# [Short web captions]
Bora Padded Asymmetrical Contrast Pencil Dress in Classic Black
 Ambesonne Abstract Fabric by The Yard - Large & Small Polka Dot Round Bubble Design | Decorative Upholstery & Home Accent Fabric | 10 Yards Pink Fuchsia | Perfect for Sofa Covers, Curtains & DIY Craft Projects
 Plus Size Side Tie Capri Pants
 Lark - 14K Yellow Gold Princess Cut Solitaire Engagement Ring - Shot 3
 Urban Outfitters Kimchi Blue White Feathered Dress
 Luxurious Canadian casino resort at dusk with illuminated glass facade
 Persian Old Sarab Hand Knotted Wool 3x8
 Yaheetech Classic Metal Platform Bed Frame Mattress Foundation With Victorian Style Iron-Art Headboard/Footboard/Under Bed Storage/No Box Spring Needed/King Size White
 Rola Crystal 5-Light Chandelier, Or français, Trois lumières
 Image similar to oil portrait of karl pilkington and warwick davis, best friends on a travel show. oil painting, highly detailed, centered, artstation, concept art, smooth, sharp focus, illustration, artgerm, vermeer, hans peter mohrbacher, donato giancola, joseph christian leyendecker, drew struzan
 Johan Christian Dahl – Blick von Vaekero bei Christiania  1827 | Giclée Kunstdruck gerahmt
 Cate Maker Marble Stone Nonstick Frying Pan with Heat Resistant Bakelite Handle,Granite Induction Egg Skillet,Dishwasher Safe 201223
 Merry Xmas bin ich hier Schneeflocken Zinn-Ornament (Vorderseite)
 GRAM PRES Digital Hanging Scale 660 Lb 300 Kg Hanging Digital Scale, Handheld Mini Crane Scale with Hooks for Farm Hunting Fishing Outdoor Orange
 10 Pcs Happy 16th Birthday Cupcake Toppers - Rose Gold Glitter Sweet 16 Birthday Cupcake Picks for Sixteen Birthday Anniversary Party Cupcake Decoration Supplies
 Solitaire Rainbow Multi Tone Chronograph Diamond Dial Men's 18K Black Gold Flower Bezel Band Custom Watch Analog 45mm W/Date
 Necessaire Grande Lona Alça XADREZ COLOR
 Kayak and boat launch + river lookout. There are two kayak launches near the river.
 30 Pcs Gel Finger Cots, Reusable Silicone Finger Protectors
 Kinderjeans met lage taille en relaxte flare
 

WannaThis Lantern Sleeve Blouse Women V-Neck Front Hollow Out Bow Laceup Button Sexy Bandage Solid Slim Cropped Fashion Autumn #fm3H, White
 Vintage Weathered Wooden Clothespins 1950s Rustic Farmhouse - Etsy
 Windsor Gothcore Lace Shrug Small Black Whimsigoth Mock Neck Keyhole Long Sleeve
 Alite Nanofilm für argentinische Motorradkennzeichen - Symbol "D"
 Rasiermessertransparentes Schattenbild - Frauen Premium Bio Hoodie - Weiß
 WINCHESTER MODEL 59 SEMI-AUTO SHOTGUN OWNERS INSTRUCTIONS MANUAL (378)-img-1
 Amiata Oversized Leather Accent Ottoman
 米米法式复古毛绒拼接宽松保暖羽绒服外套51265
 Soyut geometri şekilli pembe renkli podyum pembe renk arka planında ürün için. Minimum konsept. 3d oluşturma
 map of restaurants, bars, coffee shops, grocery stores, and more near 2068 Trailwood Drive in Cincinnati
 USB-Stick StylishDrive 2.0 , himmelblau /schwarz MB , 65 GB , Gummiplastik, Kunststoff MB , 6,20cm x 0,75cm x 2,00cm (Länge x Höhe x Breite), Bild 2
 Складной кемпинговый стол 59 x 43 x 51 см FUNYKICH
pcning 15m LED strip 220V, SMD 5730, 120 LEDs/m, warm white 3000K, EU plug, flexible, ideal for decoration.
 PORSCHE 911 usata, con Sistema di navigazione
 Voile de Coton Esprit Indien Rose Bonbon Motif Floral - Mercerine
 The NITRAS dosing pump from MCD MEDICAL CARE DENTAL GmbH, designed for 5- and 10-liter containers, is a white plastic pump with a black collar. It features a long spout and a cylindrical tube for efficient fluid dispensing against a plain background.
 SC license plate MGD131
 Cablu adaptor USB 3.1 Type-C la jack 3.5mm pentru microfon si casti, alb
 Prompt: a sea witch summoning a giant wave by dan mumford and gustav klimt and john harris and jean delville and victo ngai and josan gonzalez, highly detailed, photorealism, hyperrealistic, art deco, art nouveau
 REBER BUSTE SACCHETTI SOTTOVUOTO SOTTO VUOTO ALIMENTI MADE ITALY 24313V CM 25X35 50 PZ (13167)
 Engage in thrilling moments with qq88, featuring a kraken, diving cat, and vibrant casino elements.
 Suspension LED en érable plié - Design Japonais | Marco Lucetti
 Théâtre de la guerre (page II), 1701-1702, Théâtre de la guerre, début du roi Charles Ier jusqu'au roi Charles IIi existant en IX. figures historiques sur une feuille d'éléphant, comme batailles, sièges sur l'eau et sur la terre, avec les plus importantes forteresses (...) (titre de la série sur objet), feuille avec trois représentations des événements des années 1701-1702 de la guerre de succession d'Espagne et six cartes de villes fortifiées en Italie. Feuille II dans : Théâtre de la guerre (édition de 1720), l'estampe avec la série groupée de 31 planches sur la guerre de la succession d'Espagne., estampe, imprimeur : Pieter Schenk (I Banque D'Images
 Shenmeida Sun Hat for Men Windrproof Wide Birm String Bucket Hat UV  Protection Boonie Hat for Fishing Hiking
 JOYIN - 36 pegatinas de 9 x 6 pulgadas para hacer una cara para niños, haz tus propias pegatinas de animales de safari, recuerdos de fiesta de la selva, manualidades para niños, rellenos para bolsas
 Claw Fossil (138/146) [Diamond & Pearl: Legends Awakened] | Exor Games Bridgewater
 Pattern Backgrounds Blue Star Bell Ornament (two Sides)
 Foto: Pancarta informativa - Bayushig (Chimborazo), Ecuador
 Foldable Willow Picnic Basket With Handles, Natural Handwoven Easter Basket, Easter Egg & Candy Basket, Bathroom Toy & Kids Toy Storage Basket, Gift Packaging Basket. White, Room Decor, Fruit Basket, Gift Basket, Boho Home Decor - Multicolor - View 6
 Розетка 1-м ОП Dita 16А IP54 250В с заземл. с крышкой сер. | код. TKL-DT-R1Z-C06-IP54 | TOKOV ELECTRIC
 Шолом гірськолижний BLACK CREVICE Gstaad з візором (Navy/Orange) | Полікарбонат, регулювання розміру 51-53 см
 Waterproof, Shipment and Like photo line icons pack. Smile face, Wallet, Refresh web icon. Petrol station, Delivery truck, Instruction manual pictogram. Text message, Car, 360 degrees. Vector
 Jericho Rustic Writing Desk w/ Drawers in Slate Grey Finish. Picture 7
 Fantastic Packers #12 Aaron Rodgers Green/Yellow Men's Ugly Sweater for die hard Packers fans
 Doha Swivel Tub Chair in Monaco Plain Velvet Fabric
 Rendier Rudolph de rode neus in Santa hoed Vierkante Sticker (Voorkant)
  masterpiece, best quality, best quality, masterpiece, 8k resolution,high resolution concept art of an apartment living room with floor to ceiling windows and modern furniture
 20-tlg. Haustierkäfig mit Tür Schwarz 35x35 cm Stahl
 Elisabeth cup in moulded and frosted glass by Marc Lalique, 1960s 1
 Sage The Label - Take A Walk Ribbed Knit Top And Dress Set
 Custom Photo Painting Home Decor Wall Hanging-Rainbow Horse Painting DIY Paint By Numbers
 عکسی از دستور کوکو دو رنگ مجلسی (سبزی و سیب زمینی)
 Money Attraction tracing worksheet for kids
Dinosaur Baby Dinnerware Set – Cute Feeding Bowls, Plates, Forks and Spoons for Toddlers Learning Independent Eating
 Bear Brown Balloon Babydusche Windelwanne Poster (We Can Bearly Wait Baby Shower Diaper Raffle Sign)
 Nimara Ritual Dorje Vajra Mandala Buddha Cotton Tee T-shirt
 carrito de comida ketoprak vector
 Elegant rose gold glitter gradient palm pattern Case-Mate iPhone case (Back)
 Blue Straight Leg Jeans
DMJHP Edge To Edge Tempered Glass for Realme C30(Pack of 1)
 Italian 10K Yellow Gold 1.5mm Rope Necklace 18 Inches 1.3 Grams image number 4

# [Work order]
Copy out every line of the records that the string "Fabric" appears in.

# [Exercise response]
 Ambesonne Abstract Fabric by The Yard - Large & Small Polka Dot Round Bubble Design | Decorative Upholstery & Home Accent Fabric | 10 Yards Pink Fuchsia | Perfect for Sofa Covers, Curtains & DIY Craft Projects
 Doha Swivel Tub Chair in Monaco Plain Velvet Fabric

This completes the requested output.